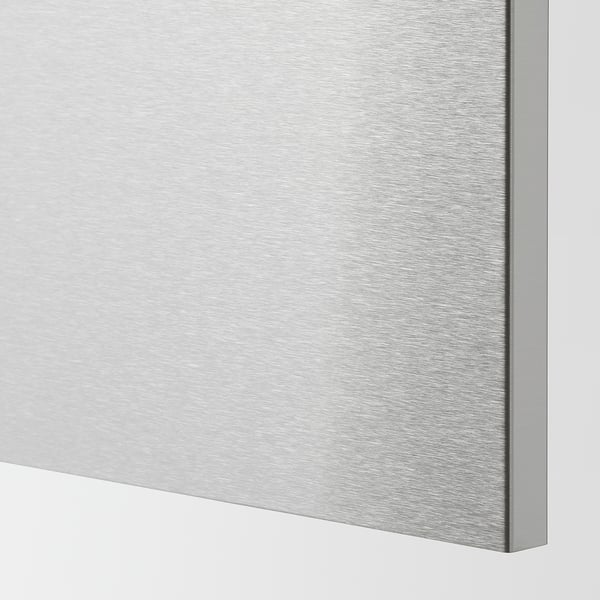 Gros plan de la surface de cuisine élégante en acier inoxydable. Montre une texture lisse et un bord poli. Met en évidence la qualité supérieure et la finition moderne.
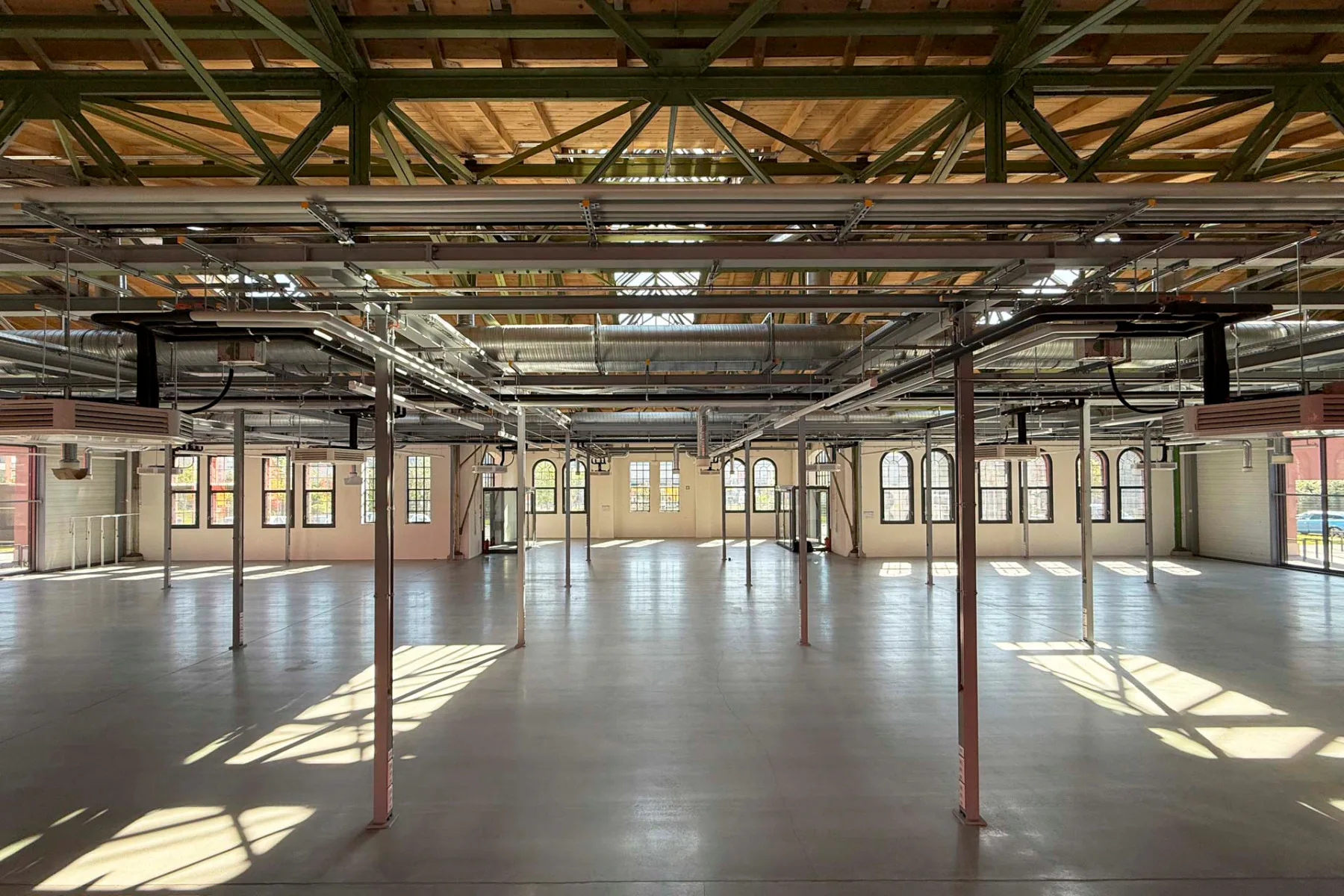 Halle Ost und West wurden als Open Office mit Medienstützen und -tragwerk für den Mieter hergerichtet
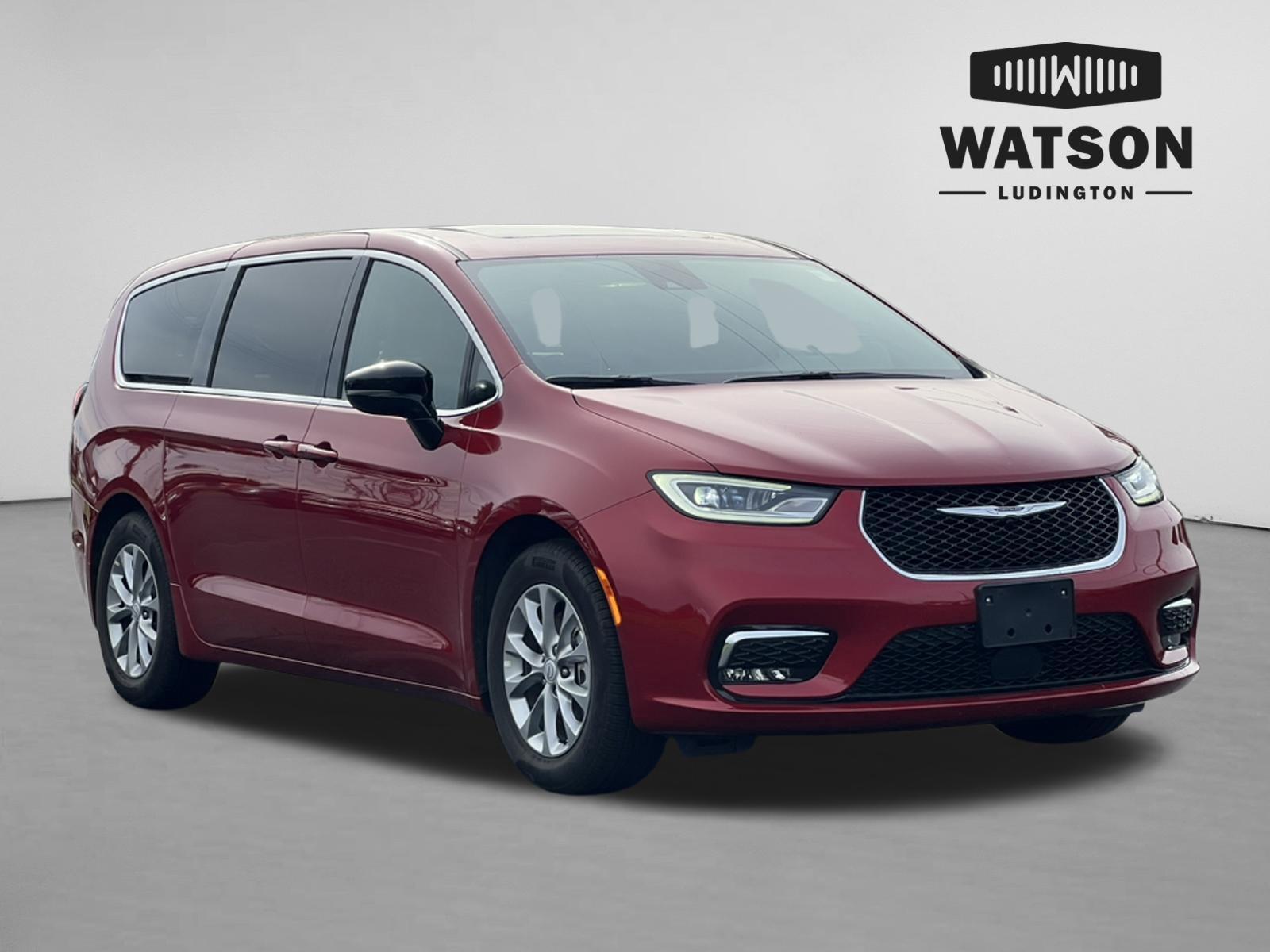 2026 Chrysler Pacifica Limited FWD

--------------------------------

Try it: Transcribe the listing word for word, but keep its pictures out of the copy.

Problem solution:
 Gros plan de la surface de cuisine élégante en acier inoxydable. Montre une texture lisse et un bord poli. Met en évidence la qualité supérieure et la finition moderne.
 Halle Ost und West wurden als Open Office mit Medienstützen und -tragwerk für den Mieter hergerichtet
 2026 Chrysler Pacifica Limited FWD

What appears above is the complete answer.